Problem: It seems that the 3rd or the 4th FOR loop in the following code stops after the first iteration. and it doesn’t even count the numbers outside of the original 2 numbers of the original array, although I’m looping through the new array. the console log from below code returns 10 instead of 2520.

This seems to be recurring problem for me on the FOR loop. any help will be much appreciated.

Code:

function smallestCommons(arr) {
let newArr = []
for (let i = arr[0]; i <= arr[1]; i++) {
newArr.push(i)
}
let upperBound = 1
for (let j = arr[0]; j <= arr[1]; j++) {
upperBound *= j
}
for (let i = arr[1]; i <= upperBound; i += arr[1]) {
for (let k = 0; k <= newArr.length; k++) {
if (i % newArr[k] == 0) return i
}
}
}
console.log(smallestCommons([2, 10]))

What does this if statement mean? I don’t need you to tell me what all the symbols are, I’m looking for a human friendly explanation of this. I suspect you aren’t saying what you think that you are here.

Thank you for responding Didn’t think I’d get any. This if statement divides the multiples by the numbers in the newArr, and if the divisions has no remainders, it returns the multiple (i). I hope that clarifies.

Well, the idea is that the smallest multiple (i) that is divisible by all the numbers in the array without a remainder is the final i. And when that happens, it’ll return that i. So it shouldn’t reach the return statement until it completes all iterations.

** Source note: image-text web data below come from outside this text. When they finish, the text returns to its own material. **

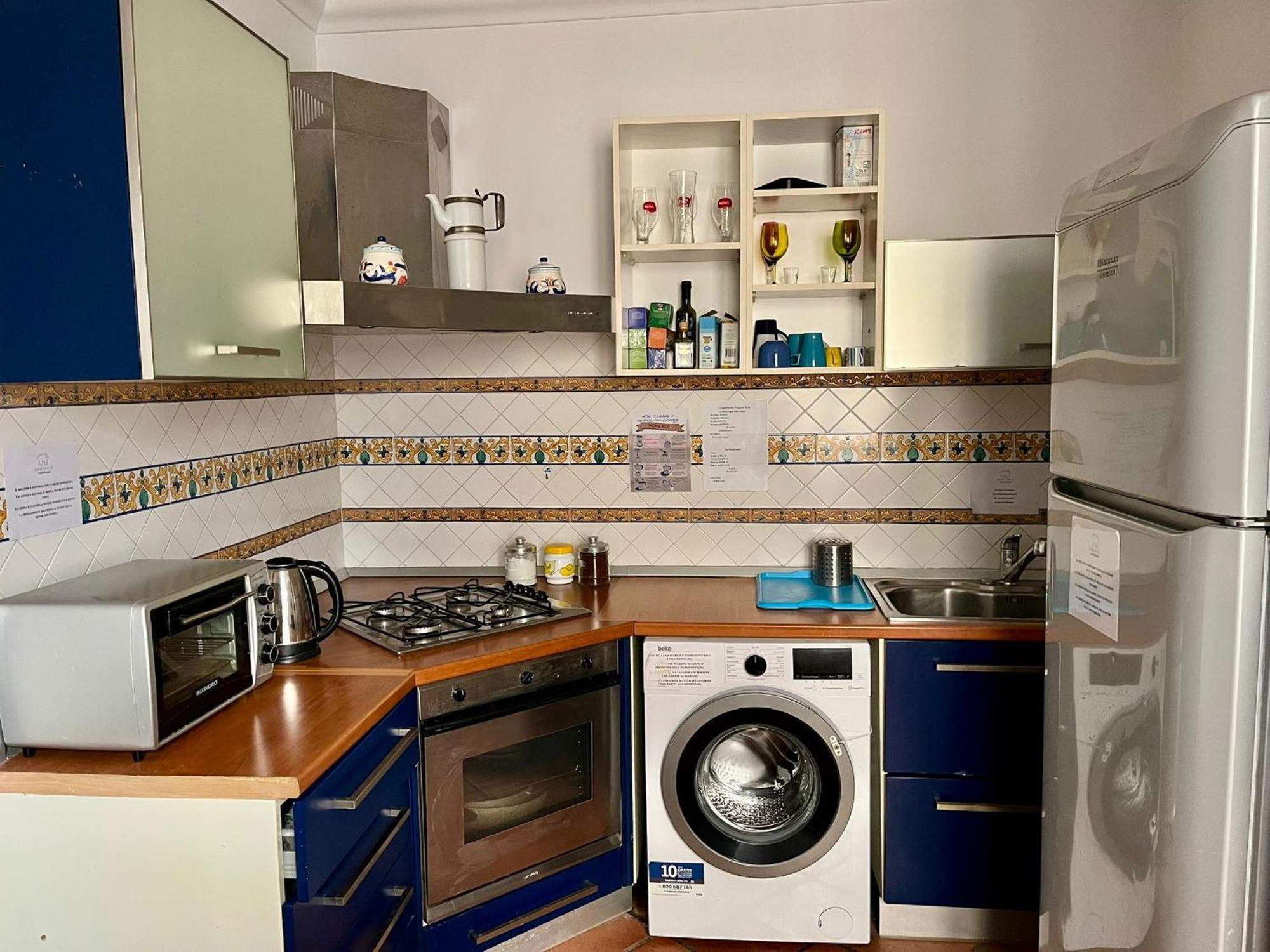 Palazzo Rota Guesthouse ナポリ エクステリア 写真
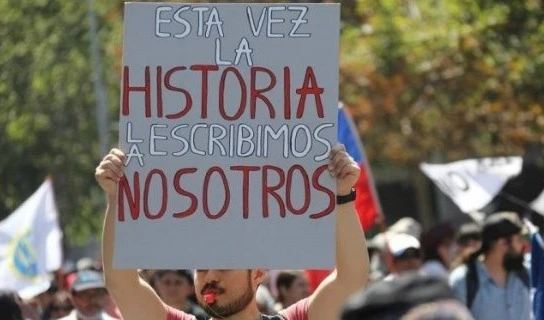 Derechistas adelantan que rechazarán el plebiscito a la nueva Constitución chilena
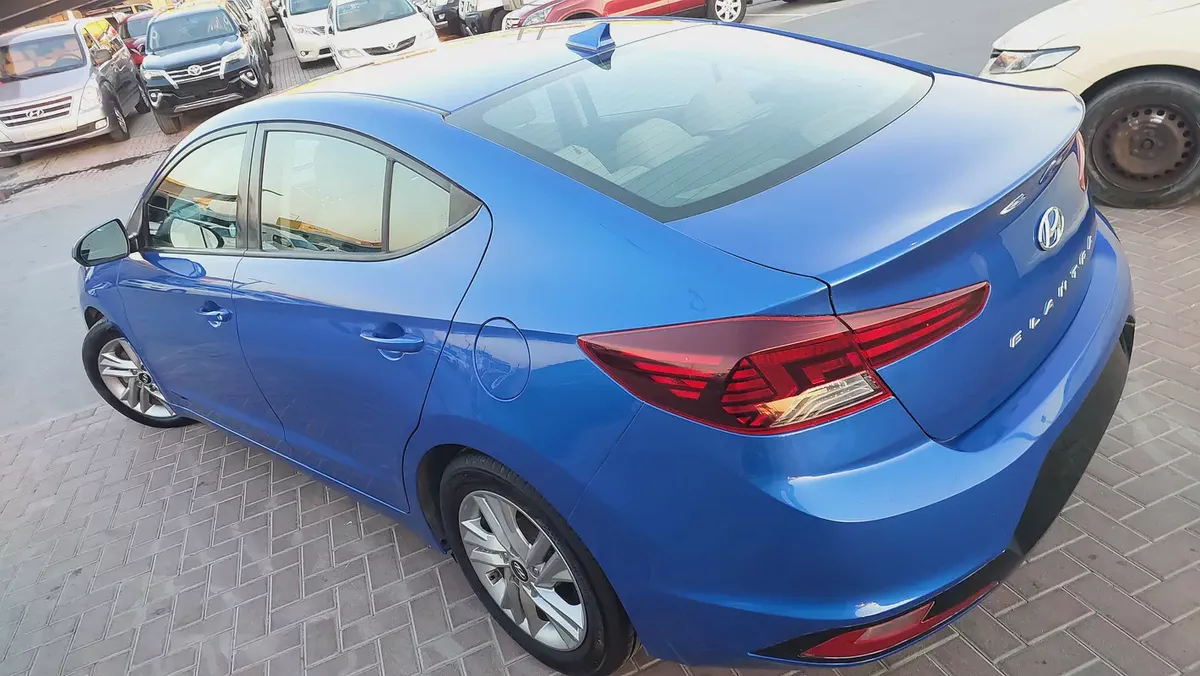 2020 Hyundai Elantra SE - Well Maintained, American Specs-8-8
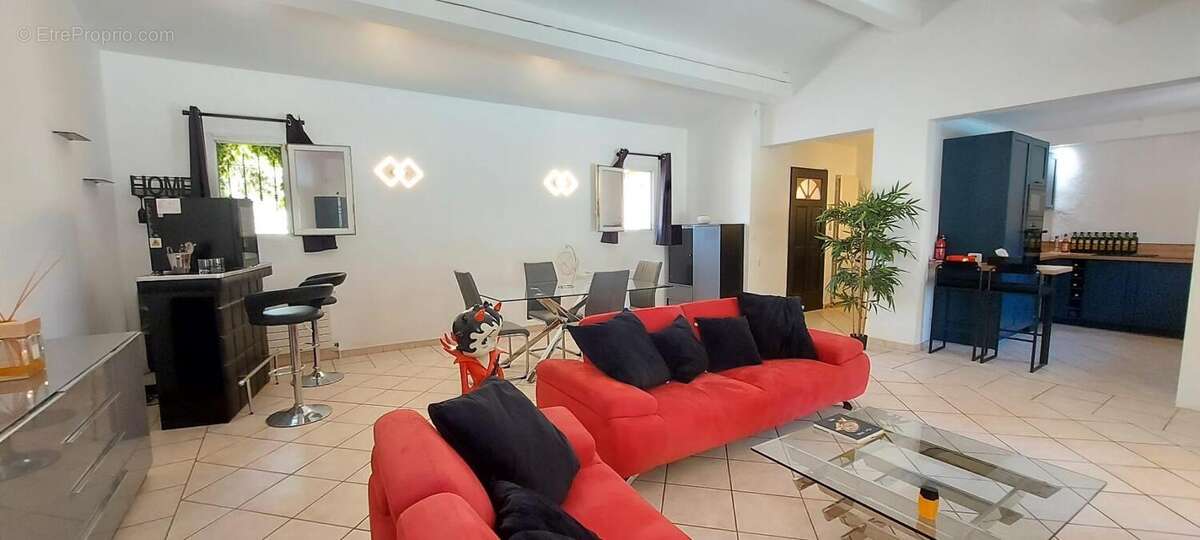 Maison à LA MOTTE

And once it finds the correct i, the code shouldn’t run anymore.

But if I take the return statement out of the loop, it throws an error, because it’s expecting and expression after the if statement. What am I missing?

O yeah, you’re right. I actually don’t need the upperbount anymore and can check i against the multiple. Let me play around a little more and see what I can come up with.

I really want to solve this with for loop, but it seems impossible! SMH!